• GIVEN RECORDS
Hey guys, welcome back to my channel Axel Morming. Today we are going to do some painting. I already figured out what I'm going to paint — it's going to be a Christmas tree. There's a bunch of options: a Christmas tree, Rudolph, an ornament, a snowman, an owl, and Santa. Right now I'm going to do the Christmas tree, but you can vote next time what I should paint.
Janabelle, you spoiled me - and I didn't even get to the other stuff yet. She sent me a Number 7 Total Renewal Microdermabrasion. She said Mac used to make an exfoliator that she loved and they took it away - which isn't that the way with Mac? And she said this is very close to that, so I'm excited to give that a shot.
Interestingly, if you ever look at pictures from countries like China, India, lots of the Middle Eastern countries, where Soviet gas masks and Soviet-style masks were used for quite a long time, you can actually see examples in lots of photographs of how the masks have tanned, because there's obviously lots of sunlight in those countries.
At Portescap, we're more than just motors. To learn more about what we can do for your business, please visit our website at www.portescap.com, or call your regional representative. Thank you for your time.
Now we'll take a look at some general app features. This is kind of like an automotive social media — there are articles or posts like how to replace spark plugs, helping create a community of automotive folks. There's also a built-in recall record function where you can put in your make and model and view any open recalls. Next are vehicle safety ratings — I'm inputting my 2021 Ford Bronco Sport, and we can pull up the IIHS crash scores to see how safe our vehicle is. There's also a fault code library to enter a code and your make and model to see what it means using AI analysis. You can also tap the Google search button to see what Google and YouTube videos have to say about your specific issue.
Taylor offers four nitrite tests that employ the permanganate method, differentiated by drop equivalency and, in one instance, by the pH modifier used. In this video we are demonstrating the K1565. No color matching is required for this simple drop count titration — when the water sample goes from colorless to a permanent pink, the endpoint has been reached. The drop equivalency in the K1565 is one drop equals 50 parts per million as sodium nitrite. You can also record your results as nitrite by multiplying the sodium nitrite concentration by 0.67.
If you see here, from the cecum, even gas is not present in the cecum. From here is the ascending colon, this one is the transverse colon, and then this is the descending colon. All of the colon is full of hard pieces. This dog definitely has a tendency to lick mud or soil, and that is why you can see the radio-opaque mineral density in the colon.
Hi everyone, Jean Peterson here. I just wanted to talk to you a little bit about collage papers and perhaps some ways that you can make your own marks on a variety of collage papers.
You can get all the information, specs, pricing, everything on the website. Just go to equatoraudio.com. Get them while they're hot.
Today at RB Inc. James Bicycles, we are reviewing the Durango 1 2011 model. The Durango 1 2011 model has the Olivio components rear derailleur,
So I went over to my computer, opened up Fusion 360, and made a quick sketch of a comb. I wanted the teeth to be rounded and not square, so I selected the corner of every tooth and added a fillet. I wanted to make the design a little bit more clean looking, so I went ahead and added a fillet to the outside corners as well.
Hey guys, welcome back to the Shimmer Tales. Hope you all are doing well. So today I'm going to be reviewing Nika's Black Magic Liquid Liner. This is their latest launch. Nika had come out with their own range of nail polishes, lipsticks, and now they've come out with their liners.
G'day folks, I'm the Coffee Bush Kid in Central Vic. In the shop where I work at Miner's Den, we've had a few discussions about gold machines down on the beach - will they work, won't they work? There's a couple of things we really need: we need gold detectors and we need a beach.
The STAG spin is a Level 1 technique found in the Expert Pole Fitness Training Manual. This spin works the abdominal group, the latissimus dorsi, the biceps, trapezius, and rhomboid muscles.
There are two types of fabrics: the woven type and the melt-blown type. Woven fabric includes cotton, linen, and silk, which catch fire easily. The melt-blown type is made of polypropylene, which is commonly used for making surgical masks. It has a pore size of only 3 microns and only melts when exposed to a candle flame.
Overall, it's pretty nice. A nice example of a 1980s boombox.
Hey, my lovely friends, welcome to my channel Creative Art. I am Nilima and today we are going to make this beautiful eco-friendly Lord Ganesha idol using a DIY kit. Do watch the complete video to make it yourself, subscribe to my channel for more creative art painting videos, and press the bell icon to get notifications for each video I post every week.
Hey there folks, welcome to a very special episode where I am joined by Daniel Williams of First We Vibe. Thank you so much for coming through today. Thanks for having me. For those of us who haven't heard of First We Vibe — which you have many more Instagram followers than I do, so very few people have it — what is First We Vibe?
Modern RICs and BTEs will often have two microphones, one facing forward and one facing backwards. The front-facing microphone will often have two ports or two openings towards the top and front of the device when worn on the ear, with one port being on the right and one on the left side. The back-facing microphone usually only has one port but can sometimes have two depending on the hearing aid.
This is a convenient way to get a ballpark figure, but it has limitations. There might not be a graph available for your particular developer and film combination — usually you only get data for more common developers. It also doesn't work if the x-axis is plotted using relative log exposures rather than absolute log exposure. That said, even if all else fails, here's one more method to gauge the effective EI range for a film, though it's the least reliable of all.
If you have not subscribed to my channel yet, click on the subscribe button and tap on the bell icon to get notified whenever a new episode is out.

• WORK REQUIRED
I need every line from the material that contains the word "website".

• RESULT OF THIS TASK
At Portescap, we're more than just motors. To learn more about what we can do for your business, please visit our website at www.portescap.com, or call your regional representative. Thank you for your time.
You can get all the information, specs, pricing, everything on the website. Just go to equatoraudio.com. Get them while they're hot.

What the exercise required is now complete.